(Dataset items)
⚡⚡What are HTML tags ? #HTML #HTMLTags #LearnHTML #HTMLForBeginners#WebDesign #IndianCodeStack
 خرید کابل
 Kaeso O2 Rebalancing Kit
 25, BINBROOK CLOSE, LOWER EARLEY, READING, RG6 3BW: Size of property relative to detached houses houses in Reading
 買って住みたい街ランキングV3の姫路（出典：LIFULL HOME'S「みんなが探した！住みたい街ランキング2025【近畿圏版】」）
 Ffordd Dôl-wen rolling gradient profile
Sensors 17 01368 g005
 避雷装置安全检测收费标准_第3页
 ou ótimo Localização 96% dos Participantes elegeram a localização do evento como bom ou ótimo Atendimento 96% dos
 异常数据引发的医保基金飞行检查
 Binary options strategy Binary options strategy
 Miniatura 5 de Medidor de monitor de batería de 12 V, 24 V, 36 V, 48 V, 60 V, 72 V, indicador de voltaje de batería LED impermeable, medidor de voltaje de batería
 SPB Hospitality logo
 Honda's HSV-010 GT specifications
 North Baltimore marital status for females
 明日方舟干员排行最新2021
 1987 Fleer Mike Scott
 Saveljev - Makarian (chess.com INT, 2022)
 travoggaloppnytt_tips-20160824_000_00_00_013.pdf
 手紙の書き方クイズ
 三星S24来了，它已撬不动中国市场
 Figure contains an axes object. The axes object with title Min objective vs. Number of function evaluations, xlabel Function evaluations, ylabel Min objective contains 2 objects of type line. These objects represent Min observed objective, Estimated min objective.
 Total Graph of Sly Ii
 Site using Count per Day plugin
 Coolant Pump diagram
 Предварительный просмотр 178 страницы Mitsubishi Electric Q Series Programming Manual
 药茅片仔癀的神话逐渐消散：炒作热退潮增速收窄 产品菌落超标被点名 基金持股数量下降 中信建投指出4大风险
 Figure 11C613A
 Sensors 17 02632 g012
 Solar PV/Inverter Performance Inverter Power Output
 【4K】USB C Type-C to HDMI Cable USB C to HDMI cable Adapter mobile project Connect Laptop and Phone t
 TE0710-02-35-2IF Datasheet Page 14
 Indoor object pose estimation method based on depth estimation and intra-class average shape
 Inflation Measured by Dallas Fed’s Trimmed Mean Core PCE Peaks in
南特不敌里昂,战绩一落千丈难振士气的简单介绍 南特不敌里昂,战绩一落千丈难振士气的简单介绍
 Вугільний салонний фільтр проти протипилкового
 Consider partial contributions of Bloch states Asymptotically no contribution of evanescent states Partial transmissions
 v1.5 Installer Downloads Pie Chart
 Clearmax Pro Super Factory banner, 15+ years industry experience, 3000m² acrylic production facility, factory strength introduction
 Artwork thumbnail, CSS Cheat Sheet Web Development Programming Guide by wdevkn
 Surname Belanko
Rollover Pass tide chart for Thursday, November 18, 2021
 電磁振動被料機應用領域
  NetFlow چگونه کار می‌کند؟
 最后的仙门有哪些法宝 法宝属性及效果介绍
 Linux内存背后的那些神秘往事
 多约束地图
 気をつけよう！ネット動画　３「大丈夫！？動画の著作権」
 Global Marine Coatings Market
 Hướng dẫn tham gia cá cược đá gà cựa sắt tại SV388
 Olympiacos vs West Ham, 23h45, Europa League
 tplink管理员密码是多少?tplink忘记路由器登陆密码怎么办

WORK TO COMPLETE
Transcribe the entries above exactly.

ANSWER SPACE
⚡⚡What are HTML tags ? #HTML #HTMLTags #LearnHTML #HTMLForBeginners#WebDesign #IndianCodeStack
 خرید کابل
 Kaeso O2 Rebalancing Kit
 25, BINBROOK CLOSE, LOWER EARLEY, READING, RG6 3BW: Size of property relative to detached houses houses in Reading
 買って住みたい街ランキングV3の姫路（出典：LIFULL HOME'S「みんなが探した！住みたい街ランキング2025【近畿圏版】」）
 Ffordd Dôl-wen rolling gradient profile
Sensors 17 01368 g005
 避雷装置安全检测收费标准_第3页
 ou ótimo Localização 96% dos Participantes elegeram a localização do evento como bom ou ótimo Atendimento 96% dos
 异常数据引发的医保基金飞行检查
 Binary options strategy Binary options strategy
 Miniatura 5 de Medidor de monitor de batería de 12 V, 24 V, 36 V, 48 V, 60 V, 72 V, indicador de voltaje de batería LED impermeable, medidor de voltaje de batería
 SPB Hospitality logo
 Honda's HSV-010 GT specifications
 North Baltimore marital status for females
 明日方舟干员排行最新2021
 1987 Fleer Mike Scott
 Saveljev - Makarian (chess.com INT, 2022)
 travoggaloppnytt_tips-20160824_000_00_00_013.pdf
 手紙の書き方クイズ
 三星S24来了，它已撬不动中国市场
 Figure contains an axes object. The axes object with title Min objective vs. Number of function evaluations, xlabel Function evaluations, ylabel Min objective contains 2 objects of type line. These objects represent Min observed objective, Estimated min objective.
 Total Graph of Sly Ii
 Site using Count per Day plugin
 Coolant Pump diagram
 Предварительный просмотр 178 страницы Mitsubishi Electric Q Series Programming Manual
 药茅片仔癀的神话逐渐消散：炒作热退潮增速收窄 产品菌落超标被点名 基金持股数量下降 中信建投指出4大风险
 Figure 11C613A
 Sensors 17 02632 g012
 Solar PV/Inverter Performance Inverter Power Output
 【4K】USB C Type-C to HDMI Cable USB C to HDMI cable Adapter mobile project Connect Laptop and Phone t
 TE0710-02-35-2IF Datasheet Page 14
 Indoor object pose estimation method based on depth estimation and intra-class average shape
 Inflation Measured by Dallas Fed’s Trimmed Mean Core PCE Peaks in
南特不敌里昂,战绩一落千丈难振士气的简单介绍 南特不敌里昂,战绩一落千丈难振士气的简单介绍
 Вугільний салонний фільтр проти протипилкового
 Consider partial contributions of Bloch states Asymptotically no contribution of evanescent states Partial transmissions
 v1.5 Installer Downloads Pie Chart
 Clearmax Pro Super Factory banner, 15+ years industry experience, 3000m² acrylic production facility, factory strength introduction
 Artwork thumbnail, CSS Cheat Sheet Web Development Programming Guide by wdevkn
 Surname Belanko
Rollover Pass tide chart for Thursday, November 18, 2021
 電磁振動被料機應用領域
  NetFlow چگونه کار می‌کند؟
 最后的仙门有哪些法宝 法宝属性及效果介绍
 Linux内存背后的那些神秘往事
 多约束地图
 気をつけよう！ネット動画　３「大丈夫！？動画の著作権」
 Global Marine Coatings Market
 Hướng dẫn tham gia cá cược đá gà cựa sắt tại SV388
 Olympiacos vs West Ham, 23h45, Europa League
 tplink管理员密码是多少?tplink忘记路由器登陆密码怎么办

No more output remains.